Why I stayed away from swimming pool for years…

A Ms. Dorkable made a comment to my post about exercise. How she is envious because she can’t swim.

Somehow, this brings back some of those old memories…

I myself couldn’t swim for a good 22 years of my life. Not that I never tried. Not that I never learnt. It’s simply because I stayed away from swimming pools for a long long time.

Because I used to hate it so much.

Every time the idea of swimming came, my body would become very tense. I felt that anger building up inside me. And I would remember that incident in the swimming pool when I was only 11 yrs old. A dirty old man molested me in the swimming pool and I felt so bad ever since. I kept blaming myself… why didn’t I scream? why didn’t I run? why didn’t I tell my parents? And a lot of other why that I could never answer…

I don’t know why that incident had a strong impact on me.

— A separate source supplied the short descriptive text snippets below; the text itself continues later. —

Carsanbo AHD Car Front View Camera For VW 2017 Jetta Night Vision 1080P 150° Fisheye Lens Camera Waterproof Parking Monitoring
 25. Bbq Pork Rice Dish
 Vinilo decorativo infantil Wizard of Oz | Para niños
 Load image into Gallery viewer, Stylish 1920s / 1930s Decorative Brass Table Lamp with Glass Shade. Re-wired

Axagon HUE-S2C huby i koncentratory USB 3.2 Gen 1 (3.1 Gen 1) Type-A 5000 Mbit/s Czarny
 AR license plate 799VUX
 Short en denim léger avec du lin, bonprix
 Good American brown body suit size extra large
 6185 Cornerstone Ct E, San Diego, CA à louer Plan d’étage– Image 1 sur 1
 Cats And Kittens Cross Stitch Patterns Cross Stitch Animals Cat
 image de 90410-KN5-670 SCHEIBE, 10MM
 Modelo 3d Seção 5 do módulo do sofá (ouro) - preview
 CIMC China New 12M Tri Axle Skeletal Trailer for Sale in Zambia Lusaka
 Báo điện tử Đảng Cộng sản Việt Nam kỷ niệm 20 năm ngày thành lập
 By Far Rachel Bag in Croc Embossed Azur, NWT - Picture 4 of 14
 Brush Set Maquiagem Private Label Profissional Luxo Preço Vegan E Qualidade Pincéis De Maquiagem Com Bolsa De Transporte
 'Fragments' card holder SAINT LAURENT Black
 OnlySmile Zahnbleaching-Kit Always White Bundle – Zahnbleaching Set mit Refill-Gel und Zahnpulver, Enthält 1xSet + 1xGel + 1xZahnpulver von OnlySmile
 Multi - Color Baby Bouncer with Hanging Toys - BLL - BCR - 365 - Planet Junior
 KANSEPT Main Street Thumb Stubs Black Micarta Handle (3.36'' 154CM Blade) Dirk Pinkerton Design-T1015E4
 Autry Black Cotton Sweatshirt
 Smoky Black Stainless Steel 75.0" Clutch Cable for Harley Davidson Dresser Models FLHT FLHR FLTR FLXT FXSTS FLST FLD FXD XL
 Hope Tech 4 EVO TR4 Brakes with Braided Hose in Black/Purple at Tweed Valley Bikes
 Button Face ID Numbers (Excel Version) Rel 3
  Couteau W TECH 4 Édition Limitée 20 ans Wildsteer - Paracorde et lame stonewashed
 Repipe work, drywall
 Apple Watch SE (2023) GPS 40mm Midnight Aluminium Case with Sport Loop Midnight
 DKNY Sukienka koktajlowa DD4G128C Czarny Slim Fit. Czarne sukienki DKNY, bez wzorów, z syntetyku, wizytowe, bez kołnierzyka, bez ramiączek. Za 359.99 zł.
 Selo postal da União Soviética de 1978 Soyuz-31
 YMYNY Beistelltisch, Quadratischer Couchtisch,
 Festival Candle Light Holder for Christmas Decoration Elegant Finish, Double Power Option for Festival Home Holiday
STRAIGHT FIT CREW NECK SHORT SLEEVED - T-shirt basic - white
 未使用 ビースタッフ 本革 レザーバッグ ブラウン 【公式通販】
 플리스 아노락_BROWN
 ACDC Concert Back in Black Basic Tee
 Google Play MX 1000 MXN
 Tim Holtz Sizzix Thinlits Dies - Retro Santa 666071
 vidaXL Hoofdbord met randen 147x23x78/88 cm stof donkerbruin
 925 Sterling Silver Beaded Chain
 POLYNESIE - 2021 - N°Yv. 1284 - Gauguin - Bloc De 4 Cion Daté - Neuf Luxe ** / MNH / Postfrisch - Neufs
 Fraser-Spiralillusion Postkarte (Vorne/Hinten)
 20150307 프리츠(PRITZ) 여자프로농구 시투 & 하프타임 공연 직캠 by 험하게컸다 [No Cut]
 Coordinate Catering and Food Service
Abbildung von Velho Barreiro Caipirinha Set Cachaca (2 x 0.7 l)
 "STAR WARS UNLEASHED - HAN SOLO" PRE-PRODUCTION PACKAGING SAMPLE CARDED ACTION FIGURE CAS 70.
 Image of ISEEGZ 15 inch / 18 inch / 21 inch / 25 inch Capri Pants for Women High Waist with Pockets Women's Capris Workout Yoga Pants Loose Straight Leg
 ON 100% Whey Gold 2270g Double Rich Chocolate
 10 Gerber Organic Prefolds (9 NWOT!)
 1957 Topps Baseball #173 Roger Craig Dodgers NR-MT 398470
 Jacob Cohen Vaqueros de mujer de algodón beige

I mean, in the streets of Jakarta, sexual harrasment is rampant. When I was a teenager, I faced this as a reality of life. And I learnt to fight it. I punched back. I kicked the guy who dared to touch my breasts. I confronted those guys in public, pointed it out to their face that what they did was so low. Angry look won’t work. It will just make them happy and satisfied. Sometimes I don’t know why I could be so brave as to hit those guys. I am a minority by race, you see…

It was God who finally liberated me. He liberated me from that thing that bound me for years. Now, whenever I talked about that incident in the swimming pool, I no longer felt the hurt anymore. That thing has no impact on me anymore. Not anymore.

I finally was able to swim in the last year of my university. I decided to take up some swimming lessons while I was doing my undergraduate thesis. It was also the time I took up my driving lesson and Mandarin lesson. I deliberately prolonged my study in the university by one semester for two reasons — one is so that I could have longer time to have fun as a student. And two, I could use the time to learn some things. I even earned some money during that time as well from my teaching assistant job.

I think, it’s never to late to learn. I decided to learn to swim, and now… I can swim. Though only one style. Still learning the next style. Hehe.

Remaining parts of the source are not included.